2-Dava, doğalgaz aboneliğine ilişkin menfi tespit istemine ilişkin olup, dava dilekçesinde davalı şirket tarafından düzenlenen iki farklı ihtarnamenin iptalini talep edilmiştir.
6110 sayılı Hukuk Muhakemeleri Kanunun 26. maddesi yargılamaya hakim olan ilkelerden taleple bağlılık ilkesini düzenlemektedir. Madde hükmü gereğince hakim, tarafların talepleriyle bağlı olup ondan fazlasına veya talepten başka bir şeye karar veremez.
Bozmadan sonra görüşüne başvurulan bilirkişi heyeti tarafından düzenenlenen ve hükme esas alınan 28.06.2019 havale tarihli raporda, davacı tüketiciye ait konutta abone olunmaksızın eski abonelikten faydalanılarak elektronik ön ödemeli doğalgaz sayacı vasıtasıyla usulsüz doğalgaz tüketimi yapıldığı, abonelikte takılı bulunan sayaçta tüketicinin ihmali veya kusur dışında gerçekleşen arızası nedeniyle sayacın eksi tüketiminde kayıt yaptığı gibi abonenin kredisi olmaması rağmen konuta doğalgaz girişini kesmediğinin anlaşıldığı, sayacın arızasının başladığı tarihin tam tespiti mümkün olmamakla birlikte davalı şirketçe eksi tüketime geçen sayaç için talep olmaksızın 17/12/2014 tarihinde gerçekleştirilen 3.661,759 m3"lük doğalgaz yüklemesine ilişkin gönderilen borç ihbarnamesi ile tahakkuk ettirilen 3.766,78 TL borçlandırma işleminin yerinde olmadığı, ardından yine dava konusu olan sayacın 15/01/2015 tarihine -962,410 m3"te olduğunun tespiti ile gönderilen 2. borç ihbarnamesinin hatalı olduğu ve iptal edilmesi gerektiği, davalı yanca sayacın 26/02/2015 tarihinde sökülmesinden sonra tahakkuk edilen 2.137,358 m3 doğalgaz bedelinin de yerinde olmadığı kanaatine varıldığı, heyet tarafından doğalgaz Piyasası Dağıtım ve Müşteri Hizmetleri Yönetmeliği hükümlerine göre davacı tüketicinin, her iki borç ihbarnamesi yanı sıra sayacın söküldüğü tarihi de kapsar şekilde bir yıllık süreç boyunca kullanılmış olunabilecek doğalgaz miktarı için sorumlu olduğu bedelin 1.086,29 TL olarak hesaplandığı yönünde görüş bildirilmiştir.
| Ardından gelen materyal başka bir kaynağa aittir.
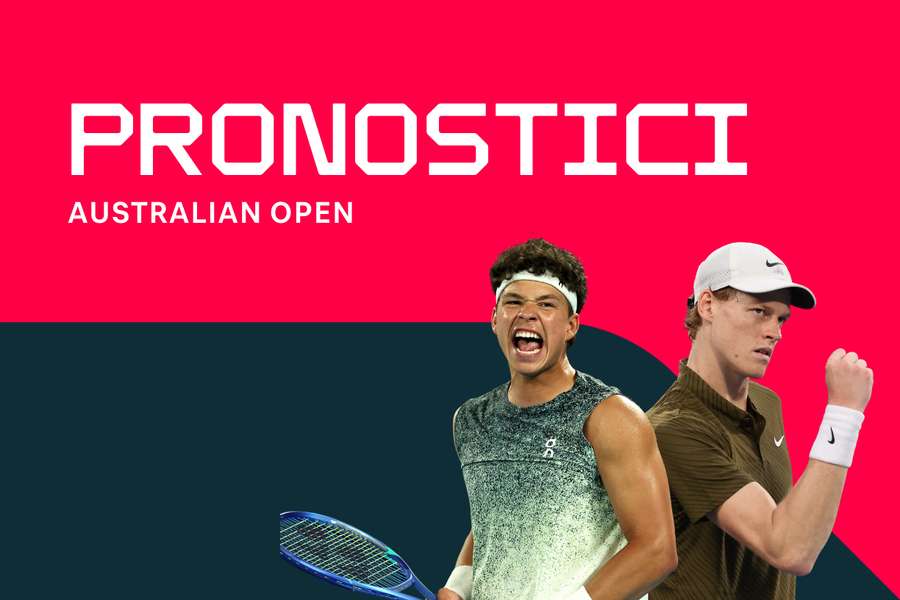 Sinner-Shelton: pronostici, migliori quote e scommesse (Australian Open) Sinner-Shelton: pronostici, migliori quote e scommesse (Australian Open)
Bu haliyle hükme esas alınan bilirkişi raporundaki hesaplamada; sayaç söküm tarihi olan 26/02/2015 tarihinden geriye doğru son bir yıllık hesaplama yapılmış olmakla, söküm işleminden sonra belirlenen ve dava konusu edilmeyen 2.137,358 m3 tüketim yönünden de değerlendirme yapıldığı, bu nedenle dava konusu olmayan dönemi de kapsar şekilde hesaplama yapıldığı anlaşılmıştır.
Hal böyle olunca; mahkemece, hükme esas alınan bilirkişi raporundaki hesaplamanın talebi aştığı gözetilerek bu hususta gerekirse ek rapor alınarak, sadece dava konusu ihbarnameler dolayısıyla haksız tahsil edildiği belirlenen bedellere yönelik hüküm kurulması gerekirken, davacının talebinin aşılması suretiyle sayacın tesisattan söküldüğü tarihi de kapsar şekilde yapılan hesaba göre hüküm kurulması doğru görülmemiş bu husus bozmayı gerektirmiştir.
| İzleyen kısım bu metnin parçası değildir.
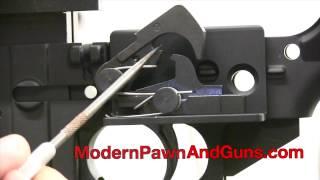 AR15 Trigger: Two Stage vs Single Stage, Geissele and AR-15 Milspec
SONUÇ: Yukarıda birinci bentte açıklanan nedenlerle davalının sair temyiz itirazlarının REDDİNE, ikinci bentte açıklanan nedenlerle hükmün HUMK"un 428. maddesi gereğince davalı yararına BOZULMASINA ve peşin alınan temyiz harcının istek halinde temyiz eden davalıya iadesine, 6100 sayılı HMK"nın Geçici Madde 3 atfıyla 1086 sayılı HUMK"un 440. maddesi gereğince karar düzeltme yolu kapalı olmak üzere,16/03/2020 tarihinde oy birliği ile karar verildi.